Good points .... Also, in addition to background issues which are 
often the culprit, in my experience membrane antigens when highly 
expressed - such as say EGFR in certain cancers or in skin - are 
often detected in both cytoplasmic and membrane staining patterns 
mainly due to two reasons I can think of:

(1) The antigen truly is in the cytoplasm on it's way to the cell 
membrane therefore the staining you detect is "real"
(2) The antibody staining reaction is so strong you are getting a 
fuzzy deposition of DAB (this is especially the case in high 
amplification kits when used on overexpressed antigens)
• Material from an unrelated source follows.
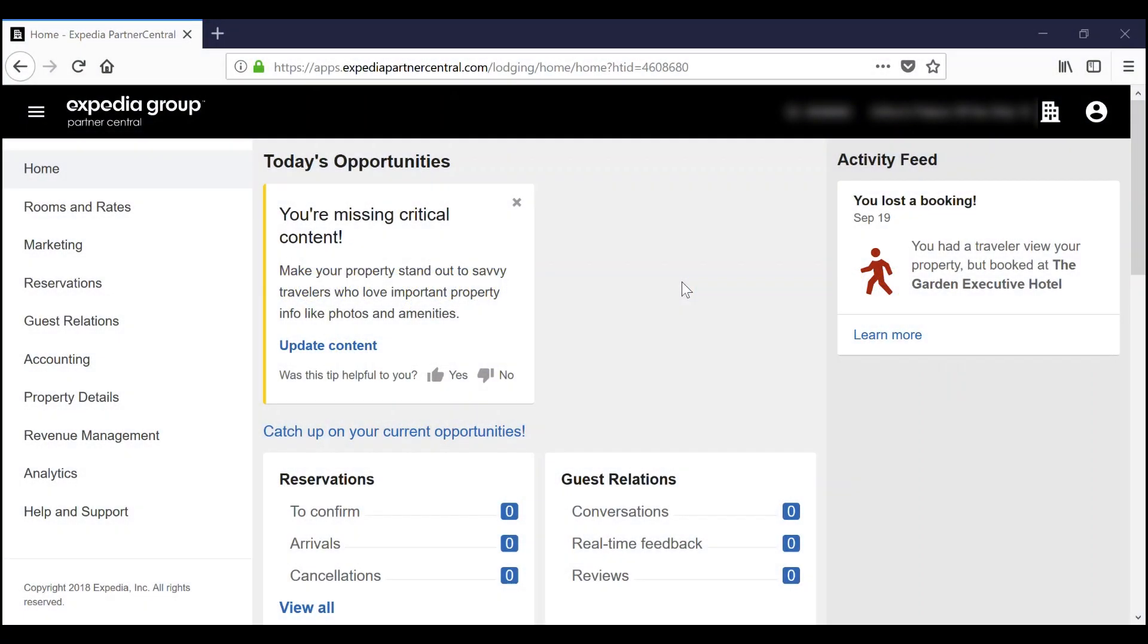Your quality score is a measure of how well you partner with Expedia. It takes into account the completeness of your content, the amount of cancellations you make, and the competitiveness of the availability and rates on the Expedia marketplace.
(finally I just want to add that sometimes what is membrane can 
appear cytoplasmic depending on the shape of the cell and the cell 
type - for example when staining VEGF receptors on endothelial cells 
it is often VERY hard to tell where on the cell they are located 
using IHC).

Perhaps with a little more info about the cell type and antibody you 
are using more info can be provided in this specific case.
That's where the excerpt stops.